[[ Information supplied, beginning ]]

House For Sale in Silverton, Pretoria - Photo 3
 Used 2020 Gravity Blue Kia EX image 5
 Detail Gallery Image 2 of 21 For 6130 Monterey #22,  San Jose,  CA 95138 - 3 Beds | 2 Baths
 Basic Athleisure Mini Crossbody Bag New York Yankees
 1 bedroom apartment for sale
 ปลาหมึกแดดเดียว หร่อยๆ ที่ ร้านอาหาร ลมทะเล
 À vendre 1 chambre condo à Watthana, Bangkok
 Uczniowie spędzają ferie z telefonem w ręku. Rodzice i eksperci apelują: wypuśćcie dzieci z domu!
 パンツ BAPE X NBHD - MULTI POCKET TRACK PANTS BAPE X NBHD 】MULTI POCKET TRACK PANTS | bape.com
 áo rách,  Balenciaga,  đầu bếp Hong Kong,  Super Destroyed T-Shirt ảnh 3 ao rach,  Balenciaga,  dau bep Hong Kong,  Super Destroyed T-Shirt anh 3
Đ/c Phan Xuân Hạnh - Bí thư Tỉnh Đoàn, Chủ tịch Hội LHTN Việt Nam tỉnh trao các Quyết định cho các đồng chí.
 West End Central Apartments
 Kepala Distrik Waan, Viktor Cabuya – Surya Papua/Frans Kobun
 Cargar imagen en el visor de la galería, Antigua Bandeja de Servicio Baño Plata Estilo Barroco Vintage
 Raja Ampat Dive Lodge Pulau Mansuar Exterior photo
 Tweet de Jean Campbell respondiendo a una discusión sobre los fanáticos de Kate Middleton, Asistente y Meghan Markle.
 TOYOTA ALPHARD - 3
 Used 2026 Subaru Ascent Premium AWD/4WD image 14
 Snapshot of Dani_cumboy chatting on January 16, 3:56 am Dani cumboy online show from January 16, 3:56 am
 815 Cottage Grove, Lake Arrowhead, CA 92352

[[ Information supplied, end ]]

◆ Task to complete: From the line containing "TOYOTA ALPHARD - 3" down to the last line of the records above, print every line exactly, with both ends kept.

◆ Worked solution:
 TOYOTA ALPHARD - 3
 Used 2026 Subaru Ascent Premium AWD/4WD image 14
 Snapshot of Dani_cumboy chatting on January 16, 3:56 am Dani cumboy online show from January 16, 3:56 am
 815 Cottage Grove, Lake Arrowhead, CA 92352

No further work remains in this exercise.